E dava então um exemplo da realidade social. “Só na casa de Emília Leite vivem quinze pessoas, num tipo T3, com apenas três quartos e um espaço que se destinaria a uma garagem, mas que, com o crescimento da família, teve que ser transformado em mais um quarto, no qual se abriga a filha casada com os seus cinco filhos. Os restantes quartos, são divididos pela D. Emília, o marido e pelos filhos solteiros. Três rapazes numa cama e três raparigas noutra”.
Ontem como hoje, eram precisas várias bacias para aparar a água que caía em vários pontos do seu interior.
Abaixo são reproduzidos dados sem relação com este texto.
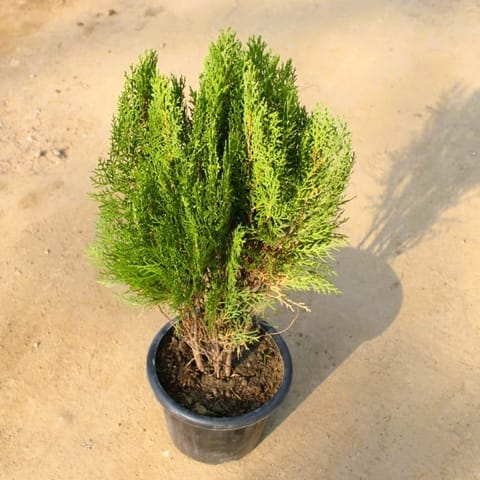 Morpankhi / Thuja in 8 Inch Nursery Pot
Nesta altura (1999), a desilusão prendia-se com o facto de o novo conjunto de habitação social construído ali mesmo ao lado, acabou por se destinar a moradores de barracas localizadas entre Cortegaça e Esmoriz, o que deixou de fora os moradores do bairro do SAAL.


Este novo bairro com 14 fogos, que chegou a fazer os moradores do degradado bairro do SAAL voltarem a sonhar na espectativa de melhor qualidade de vida, até acordarem para a realidade que lhes continuou a estar destinada. Foi inaugurado em Abril de 2000 e na cerimónia, como se lê no Jornal de Ovar (21/04/2000), a então Secretária de Estado da Habitação, Leonor Coutinho, perante os “incómodos” protestos dos moradores do bairro do SAAL e do cenário envolvente de estrema pobreza, afirmou mesmo, dirigindo-se ao edil da altura, Armando França. “Resolvam o problema legal deste processo, que tem estado na origem da dificuldade da autarquia intervir, porque eu não quero que isto continue assim”.
Passaram ciclos de diferentes governos centrais e locais e o cenário social e habitacional do bairro do SAAL em Cortegaça naturalmente só se agravou à espera que de uma vez por todas a Câmara Municipal de Ovar assuma finalmente as suas responsabilidades, porque as jovens gerações de moradores deste drama, decididamente não vão esperar muito mais para a ambicionada requalificação.